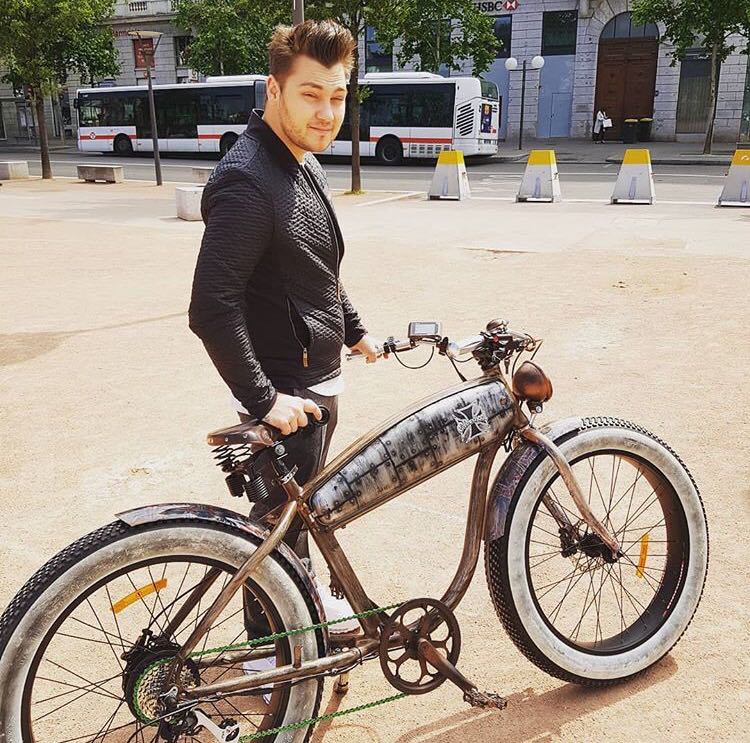 ebikelovers's tweet photo. #repost @Jeffpanacloc  #Ebike 

#electric #electricbike #veloelectrique #vae #artiste #french #actor #ebikes #lovebike #follow #like #famous #electricmobility  #ecycle #cycle #ecycling #cycling #ridebike #rideabike #lovemybike #ilovemybike #lovemyebike https://t.co/lmYugYA2Nq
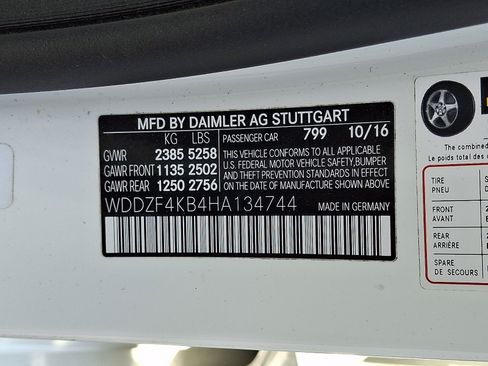 Used 2017 Mercedes-Benz E 300 4MATIC image 28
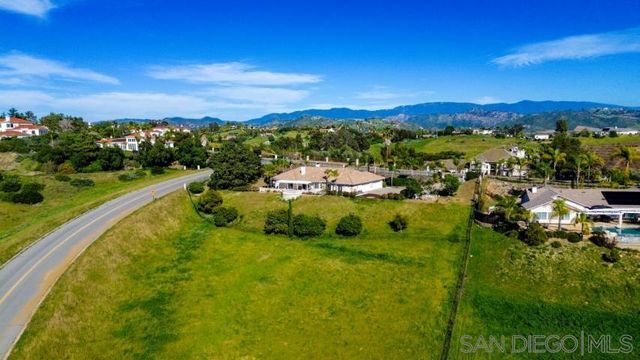 4417 Fallsbrae Road, Fallbrook, CA 92028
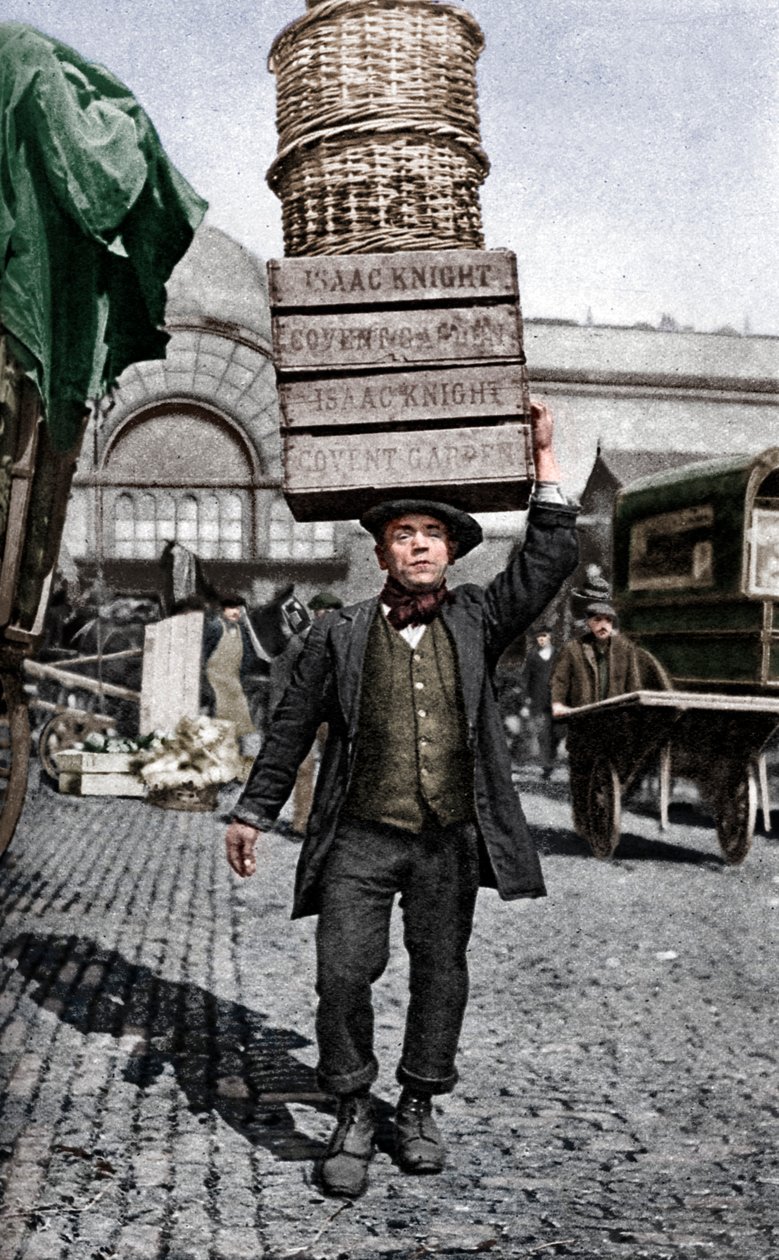 En marknadsportier i Covent Garden, London, c1922. av Unbekannt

▶ Required work
Word for word, retype the material above without its pictures.

▶ Exercise answer
 ebikelovers's tweet photo. #repost @Jeffpanacloc  #Ebike 

#electric #electricbike #veloelectrique #vae #artiste #french #actor #ebikes #lovebike #follow #like #famous #electricmobility  #ecycle #cycle #ecycling #cycling #ridebike #rideabike #lovemybike #ilovemybike #lovemyebike https://t.co/lmYugYA2Nq
 Used 2017 Mercedes-Benz E 300 4MATIC image 28
 4417 Fallsbrae Road, Fallbrook, CA 92028
 En marknadsportier i Covent Garden, London, c1922. av Unbekannt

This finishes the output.